It depends on the memory technology whether ultimately 8 switches will flip or an entire row of multiple kilobytes will be rewritten. For us software people it is nothing to worry about, we just want to know how quick we can write that logical byte. And maybe how that will play out if we write a lot of bytes, random or sequentially.

So the answer is you cannot know what exactly goes on at the hardware level and for your own sanity you should not care too much.

  • Thank you, I totally understand it. My point is if I want to update single byte, is it possible in byte addresable RAM? Or CPU will update the whole word which contains my byte? If CPU can update single byte, than it make a lot of sence why we use byte addressable RAM. But if not, what the reason behind it? I mean in word addressable RAM CPU reads and updates the whole word. So if CPU can not work with single byte, therefore it do exactly the same thing as byte addressable RAM.
    – No Name QA
    Mar 14, 2020 at 11:55
  • @No Name QA We use byte addressable memory partly because of legacy reasons. A byte is the smallest useful power of 2 in western culture so when bits still were expensive that is what was modeled and turned into physical memory. The CPU does not read every byte/word before it is written by the way. Mar 14, 2020 at 12:01
  • Please take a look at my original question, I have updated it.
    – No Name QA
    Mar 14, 2020 at 12:45
  • Although they are hard to find now days, surely you are not aware of 4-bit CPUs? And if you want to go even more extreme there is bit-slicing.
    – Peter M
    Mar 14, 2020 at 22:57
  • @Peter M I am aware of this legendary thing which is widely recognized as the first microprocessor but it was a short-lived step-up to 8 bits and we are still using 8 bits today. So it did not seem relevant to the question. spectrum.ieee.org/tech-history/silicon-revolution/… Fun fact: if you look at the picture you can tell in the old days they used to make microprocessors out of wood. Mar 15, 2020 at 6:55

Note: This is not a full answer. This is intended to introduce a mental framework to help anyone parse the existing varied answers to this questions.

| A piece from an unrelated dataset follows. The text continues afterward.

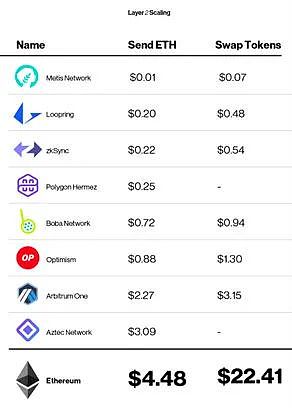 以太坊：即将到来的ETH2.0 对用户会产生怎样的影响？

(0.A) Before you start reading: Are you on an educational program, studying for a course, or preparing for an examination? If this is the case, the institution that is in charge of your study is also in charge of deciding what answers would be accepted. Therefore, your best bet is to stick to what they have decided, rather than looking for answers elsewhere. This is true even if their answers are wrong. You simply parrot the wrong answer that they would accept, while reminding yourself not to stick to this answer once you finish your study.

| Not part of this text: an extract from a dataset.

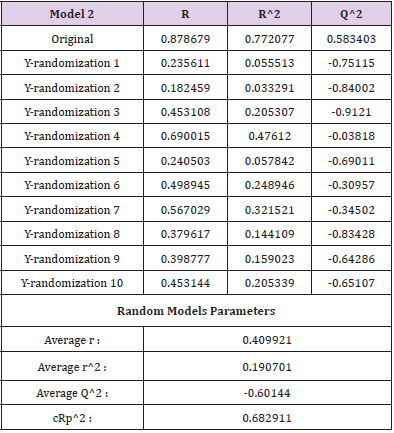 biomedres-openaccess-journal-bjstr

(0.B) The type of computer systems also matter. For most people (students and software programmers), the two types that matters are: "general purpose computers" and "embedded systems".

If you need answers for "embedded systems", users of the Electronics Stack Exchange will offer more relevant answers. Be warned that today's "embedded systems" are moving towards biscuit-sized PCs, which means a lot of practitioners nowadays are using miniature general-purpose computers to do the work of what embedded systems used to do. In embedded systems of the last decade, hobbyist circuit boards may contain discrete electronic components, such as "32k x 8-bit SRAM", etc. These are the truly "byte-addressable" memory running on 4-bit or 8-bit bus. The current trend of using miniature general purpose computers imply that those discrete electronic components may become a thing of the past.

If you need answers for, say, "mainframe computers", or computer architectures that have since been discontinued, please refer to Retrocomputing Stack Exchange.

If you need answers for "8-bit computing", both sites (Electronics; Retrocomputing) will offer useful advice.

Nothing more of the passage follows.